Bunlara ek olarak bugüne kadar bir çok projenin üretiminde yapılan iyileştirme ve geliştirme çalışmalarına Mefar’ın katkısı oldu. Kendi ruhsatlı ürünümüz olmadığı için mevcut ürün reçetelerine geliştirme katkısı yaptık iş ortaklarımız ile birlikte.
2025 vizyon çalışmamız çerçevesinde Ar-Ge merkezi olma hedefimizi yine iş ortaklarımızın projeleri ile birlikte gerçekleştireceğiz. Hedefimiz 2021 başında Ar-Ge merkezimizi ortak projelerle hayata geçirmiş olacağız.
W- Sektörün Uluslararası alanda da çok tecrübeli ismi olarak ilaç sektörümüzün ihracat imkanları konusunda görüşlerinizi alabilir miyiz? Nelerin farklı yapılmasını önerirsiniz?

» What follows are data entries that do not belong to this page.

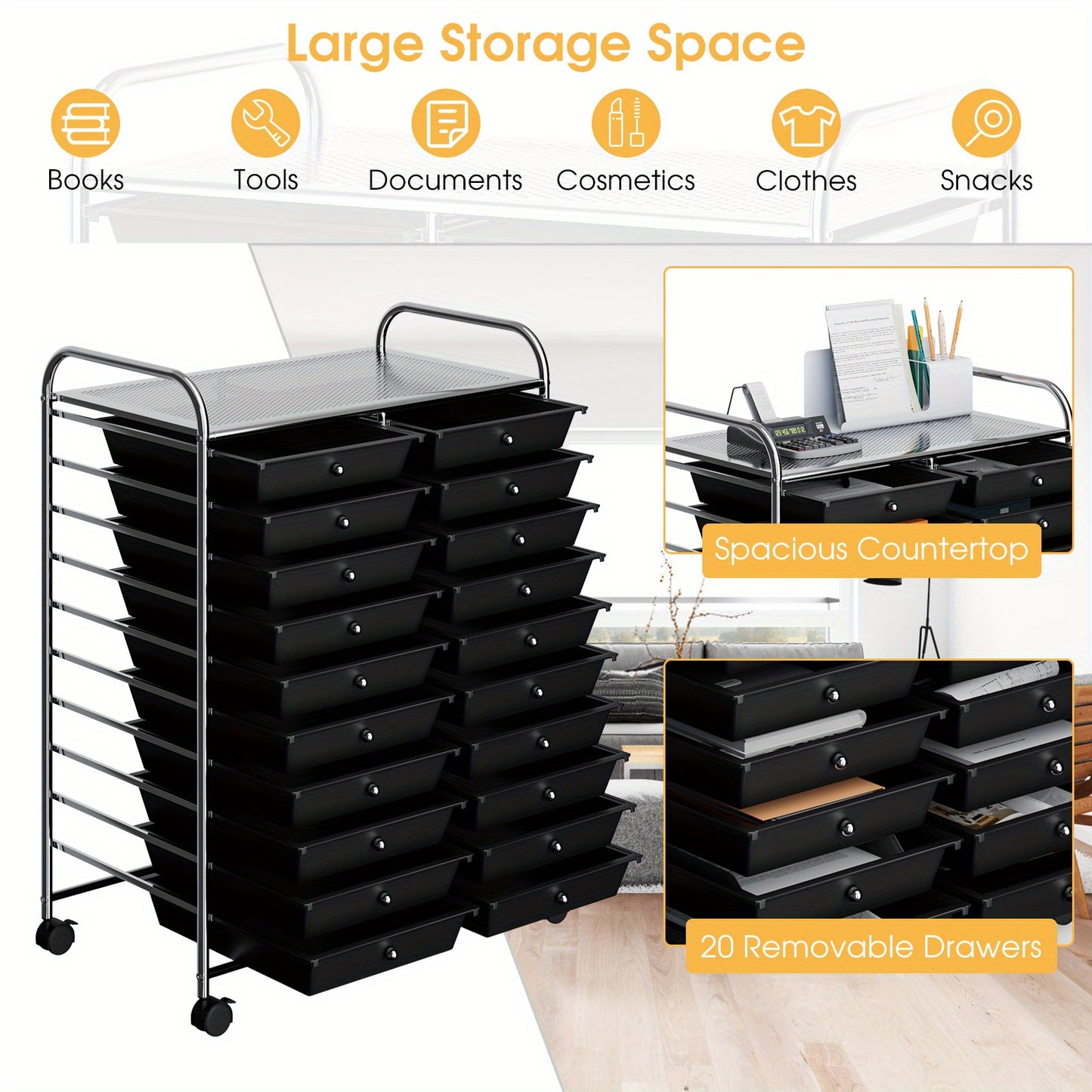 Badkamerwagen – Opbergwagen – Rolcontainer – Trolley – Opbergrek – 20 Uittrekbare Lades – Metaal Frame – Mobiel met Remmen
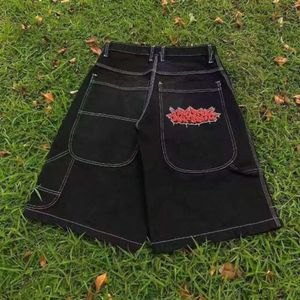 Denim high street JNCO embroidered jeans hiphop hip-hop denim shorts for men and women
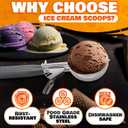 4 oz Large Ice Cream Scoop with Trigger Release #8 - Stainless Steel Cookie Scoop for Baking, Ice Cream & Cookie Dough, Comfort Grip Handle, Easy Release, Dishwasher Safe, Great as Mothers Day Gifts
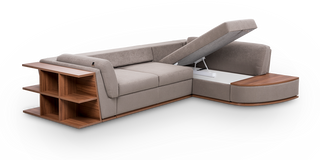 Softy sectional sofa-bed with shelves and table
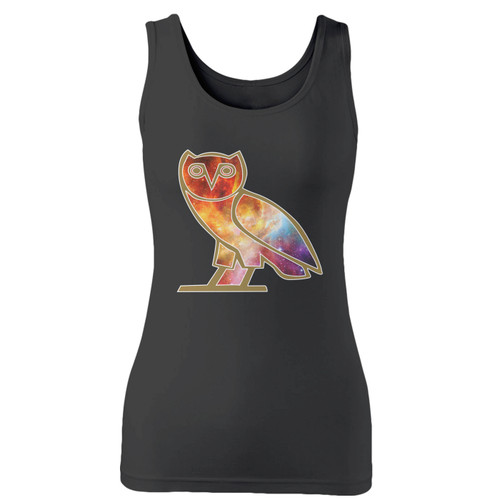 High quality print of this slim fit ovoxo owl drake nebula funny women tank top will turn heads. And bystanders won't be disappointed - the racerback cut looks good one any woman's shoulders.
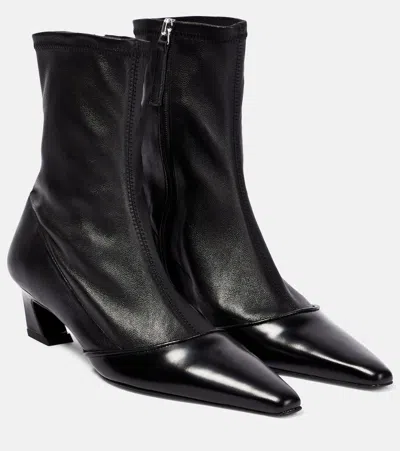 Acne Studios Bano Leather Ankle Boots In Black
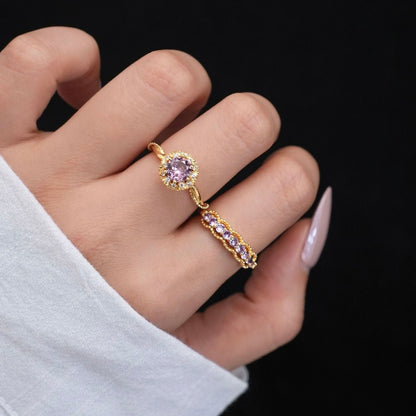 Gilded Lace Amethyst Ring - Gold-Plated - Abbott Atelier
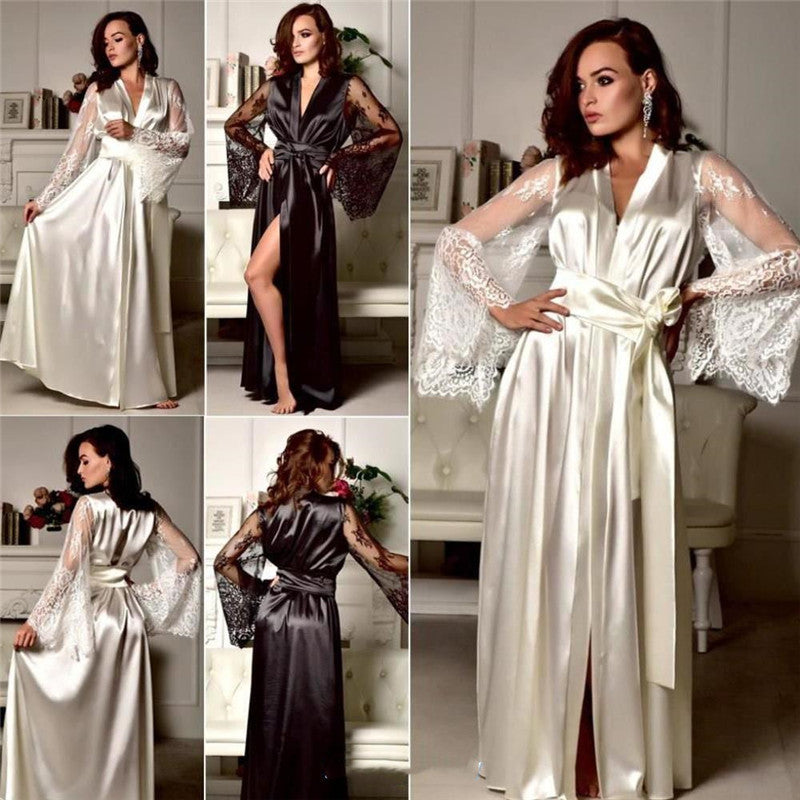 Stylish Sexy Lingerie Womens Silk Robe Pajama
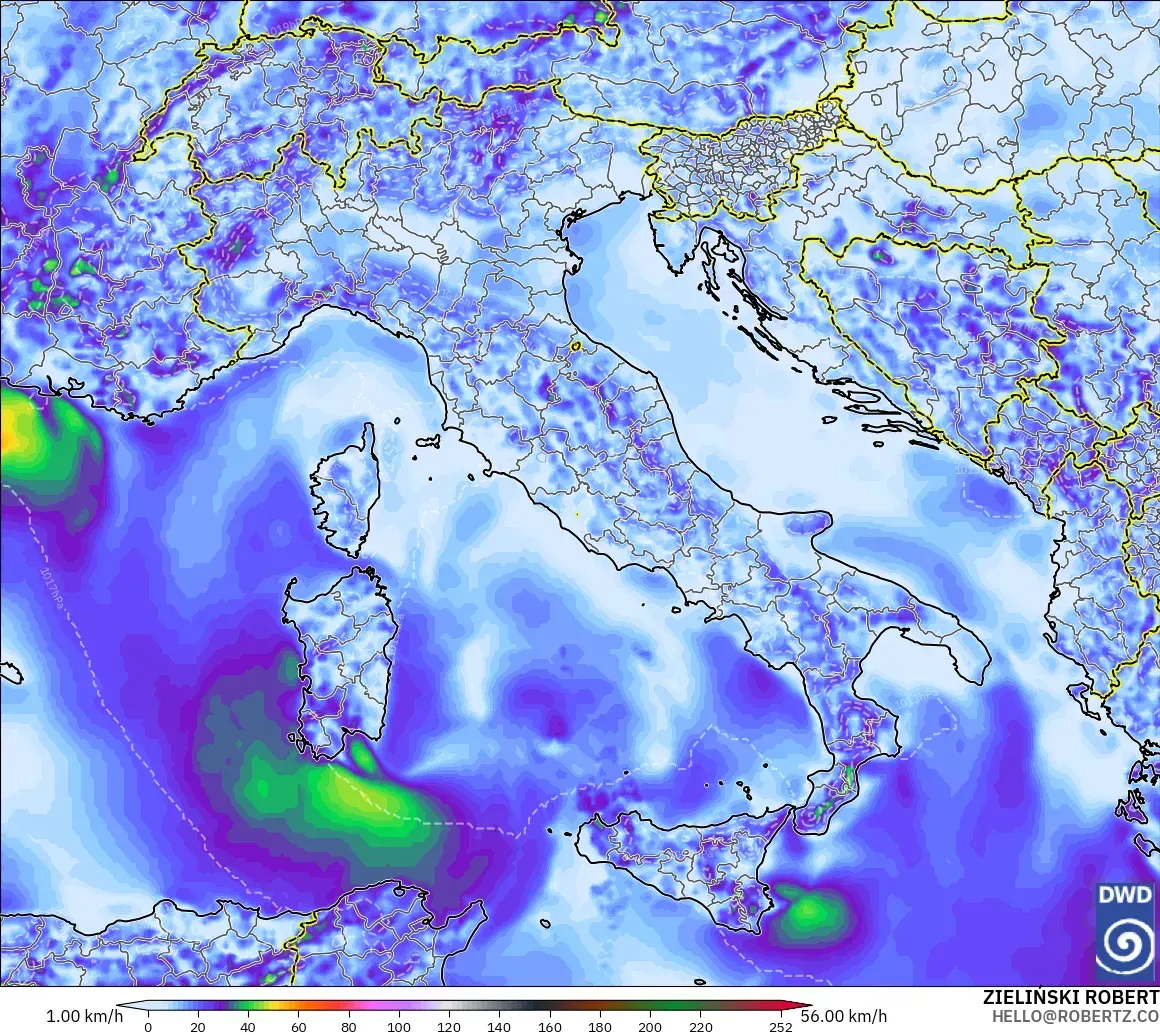 ICON modelo - Italia, Ráfagas de viento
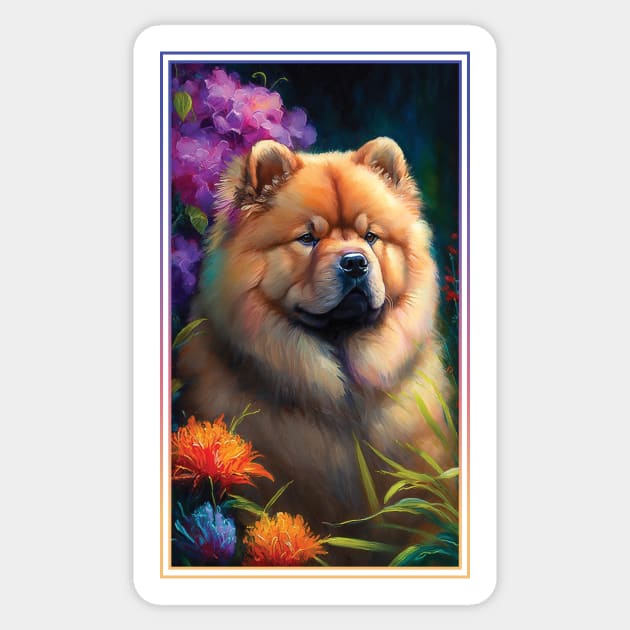 Chow Chow Dog Vibrant Tropical Flower Tall Digital Oil Painting Portrait 2 Sticker by ArtHouseFlunky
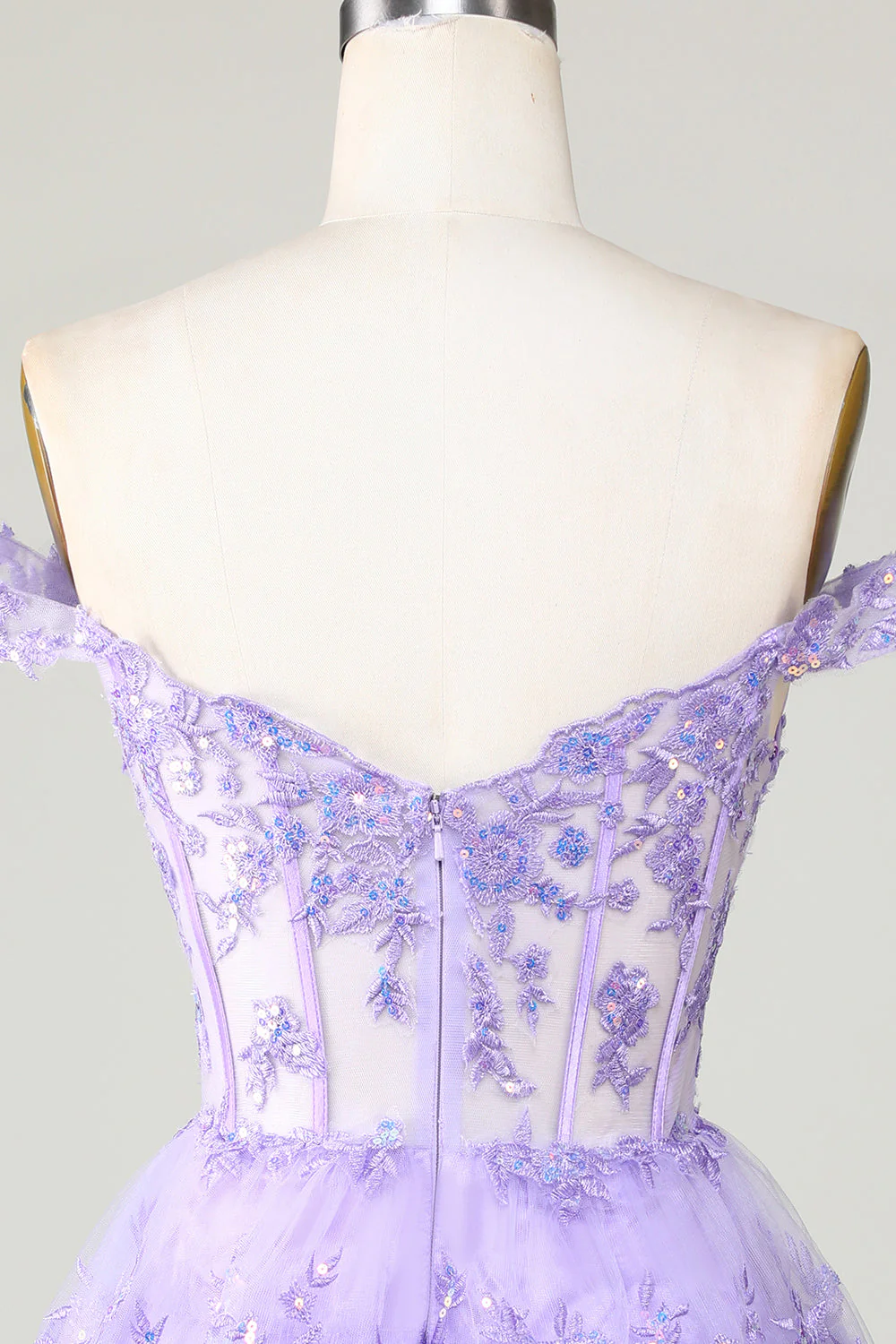 Princess A Line Purple Gorset Tiered Short Homecoming Dress z koronką - Image 6
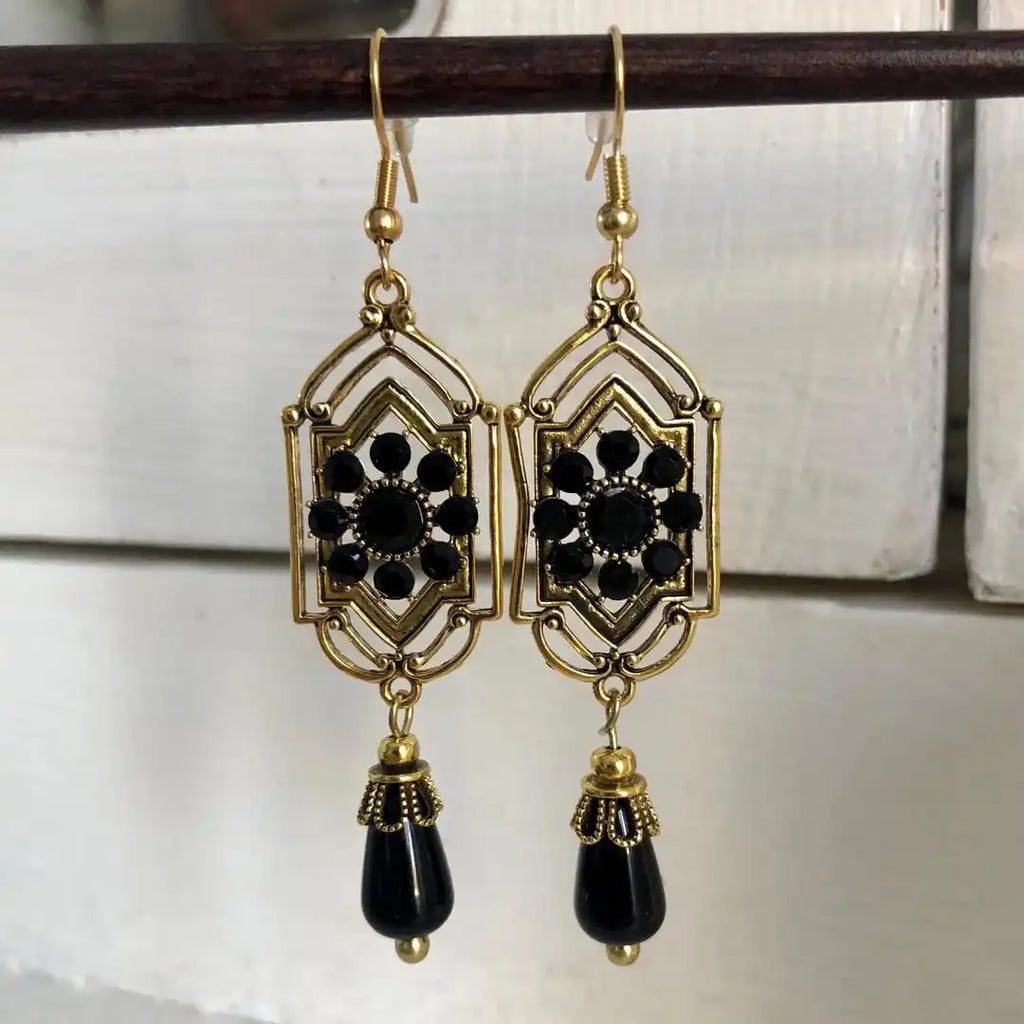 Boucles d'Oreilles en Cristal Noir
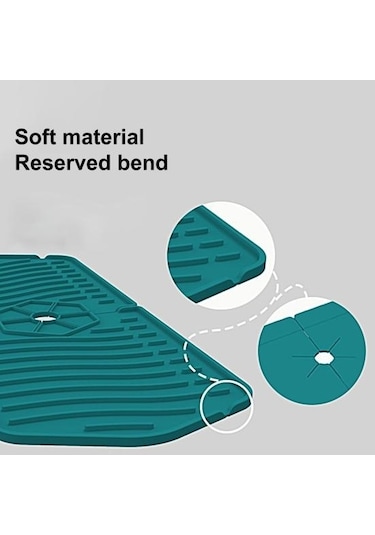 Yeşil Büyük Hiçbir Koku Temizleme Kolayca Pratik Su Sıçrama Koruyucu Mat Mutfak Lavabo Koruyucu Ev Musluk Drenaj Pedi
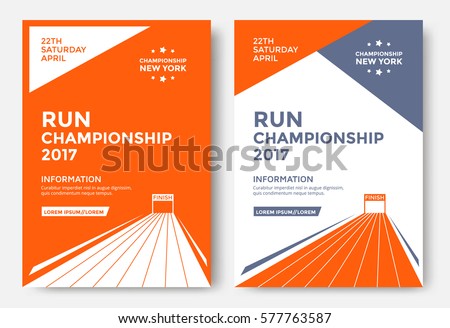 Run championship poster design template. Running marathon vector flyer. Finish line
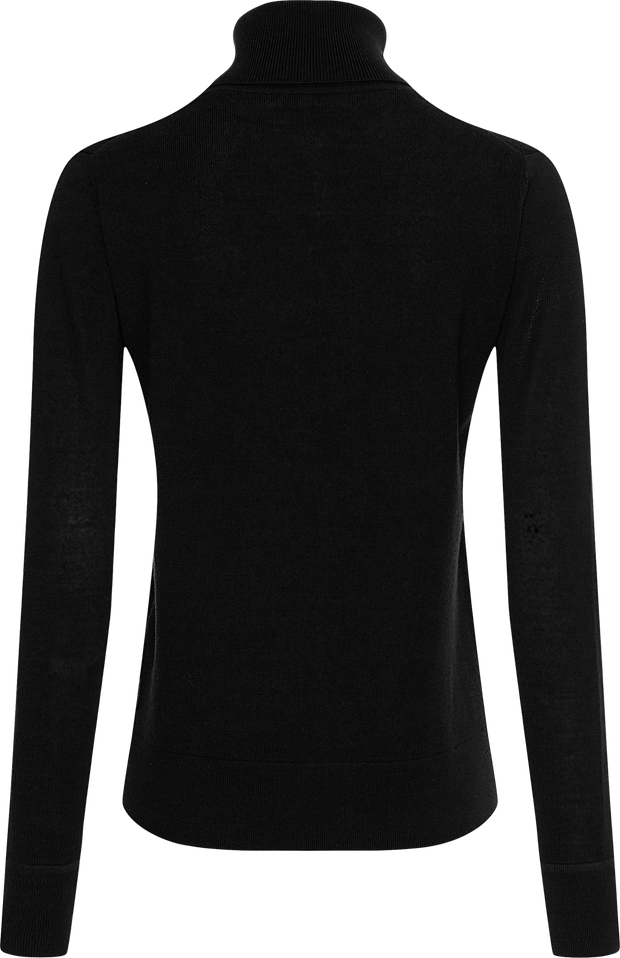 Sort Merino Roll Neck Sweater - Stilshoppen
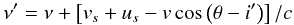 \begin{equation} \label{5} \nu' = \nu + \left[v_s + u_s - v\cos{\left(\theta-i'\right)}\right]/c \end{equation}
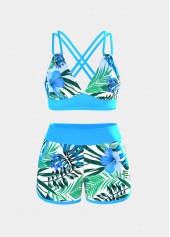 Blue Mid Waisted Tummy Coverage Floral Print Tankini Set | thumb picture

F.S.-İhracat için atılması gereken en önemli adım dış pazarlardaki varlıkların arttırılması. Yakın coğrafyadan başlayarak pazarlara girmek, startejik ortaklık fırsatlarını değerlendirmek çok önemli. Ortaklıklara ek olarak satınalma fırsatlarını yakalamak Türkiye’nin üretim kapasitesini kullanmak yerli oyuncuların ihracat potansiyelini arttırır.
Sınırların kalktığı, tesisleşme, teknoloji ve kalite standartları açısından global oyuncular ile aynı seviyeye gelmiş Türkiye’nin üretim merkezi, “hub”, olarak kendini konumlandırması ortak vizyonumuz olmalı.